In application #2050:

Proposed Solution(s)

Removal of notaries from the Fil+ Program and DC allocated to RongYin open data project

Timeline

Discussion at June 27th 2023 WG Call Community review until June 30th 2023 at 5 pm ET Decision announced by the T&T WG Lead after

Technical dependencies

Removal from main multisig

Related Issues

https://github.com/filecoin-project/filecoin-plus-large-datasets/issues/1579 https://github.com/filecoin-project/filecoin-plus-large-datasets/issues/1580

kernelogic commented 1 year ago

I signed these applications in February and they were the first round, well before the retrieval bots went online, or any retrievals possible for that matter.

I think you should be careful using the "collude" word, it is a personal attack without concrete evidence.

herrehesse commented 1 year ago

@kernelogic and @Chris00618, I agree with both of you. As a notary who signed before retrievals were possible, I can attest that the landscape has changed significantly since then. However, it is important not to use that as an excuse to hide from the current situation.

Now, the question for @kernelogic is: If you thoroughly investigate this client/application at present, what are your thoughts on the matter?

kernelogic commented 1 year ago

The CID sharing definitely need some explanation.

Chris00618 commented 1 year ago

I signed these applications in February and they were the first round, well before the retrieval bots went online, or any retrievals possible for that matter.

@kernelogic You also signed on April 20. You commented "DD performed perviously. CID checker result looks good." https://github.com/filecoin-project/filecoin-plus-large-datasets/issues/1580#issuecomment-1515667961 to this report https://github.com/filecoin-project/filecoin-plus-large-datasets/issues/1580#issuecomment-1514285197 image

Why did you think this was enough to get your signature and now come to ask

The CID sharing definitely need some explanation.

The evidence is clear, you failed your notary duty and I want to know why. Show your due diligence is the right way, accusing me won't help anyhow.

I think you should be careful using the "collude" word, it is a personal attack without concrete evidence.

Chris00618 commented 1 year ago

@mikezli @sxxfuture-official @NiwanDao @1ane-1 @fireflyHZ @luobin544 @AlanGreaterheat

Carohere commented 1 year ago

Valid points. I kindly request all notaries involved to engage in this discussion for community transparency 🙏

kernelogic commented 1 year ago

Every notary can have their own DD process and standard, in my "career" of notary, if there is some minimal CID sharing, I would allow it. It usually caused by technical accidents on the client side when making cars.

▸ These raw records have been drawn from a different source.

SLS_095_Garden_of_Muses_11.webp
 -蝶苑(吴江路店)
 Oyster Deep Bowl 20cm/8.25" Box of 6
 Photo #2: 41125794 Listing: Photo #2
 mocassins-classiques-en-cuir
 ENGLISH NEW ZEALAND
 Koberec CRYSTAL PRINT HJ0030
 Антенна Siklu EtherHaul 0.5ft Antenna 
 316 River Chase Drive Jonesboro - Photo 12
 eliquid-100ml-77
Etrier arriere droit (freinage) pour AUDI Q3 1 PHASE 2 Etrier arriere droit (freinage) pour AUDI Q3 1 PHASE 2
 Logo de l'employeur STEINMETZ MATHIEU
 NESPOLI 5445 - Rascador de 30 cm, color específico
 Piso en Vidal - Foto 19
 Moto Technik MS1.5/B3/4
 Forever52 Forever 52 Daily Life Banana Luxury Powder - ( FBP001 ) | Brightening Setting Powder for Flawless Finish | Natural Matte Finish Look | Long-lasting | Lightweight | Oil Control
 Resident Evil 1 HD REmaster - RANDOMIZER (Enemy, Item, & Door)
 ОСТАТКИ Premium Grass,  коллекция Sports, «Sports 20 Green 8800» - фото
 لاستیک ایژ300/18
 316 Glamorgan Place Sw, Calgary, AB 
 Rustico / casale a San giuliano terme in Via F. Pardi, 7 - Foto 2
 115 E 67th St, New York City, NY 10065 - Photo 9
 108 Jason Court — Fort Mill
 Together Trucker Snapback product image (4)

In this particular case, there are 3 CID sharings. The first one 6.03 TB is large enough to raise a concern however it belongs to the same series, therefore it is completely normal. The other two 864GB and 672GB are small enough (to my eyes) to allow.

image

I don't think there's any zero tolerance policy on CID sharing. If it's minimal, accidental, or well explained, I usually allow it. If you don't like my style, you can request to remove every notary ever signed on any CID sharing LDNs see what the community says.

datalove2 commented 1 year ago

Hi, I would like to provide some responses regarding our LDN application:

Regarding the issue with data retrieval, this is due to a mismatch in the retrieval commands between our collaborating SP and the checker. I believe many encapsulated codes might encounter similar issues if they do not utilize boost to submit requests. We have already optimized our program and conducted tests to ensure successful data retrieval by the check bot.

Concerning cid sharing, we have addressed this matter when communicating with notaries. As kernelogic mentioned, minimal data sharing occurs unintentionally during data processing because the collaborating sp may receive deals from multiple clients.

Furthermore, from my perspective as a client, it is unreasonable to request the removal of notaries based on technical issues (which have already been optimized). They are active members of the community, and it is their activity that allows me to contact them on Slack. Many of the notaries actually request me to provide the CID for their reviewing process. Isn't it an acceptable way? Additionally, since the bot for retrieval was just released a few weeks, there were no clear rules or instructions given to the clients. However, we still actively cooperate with the latest updates.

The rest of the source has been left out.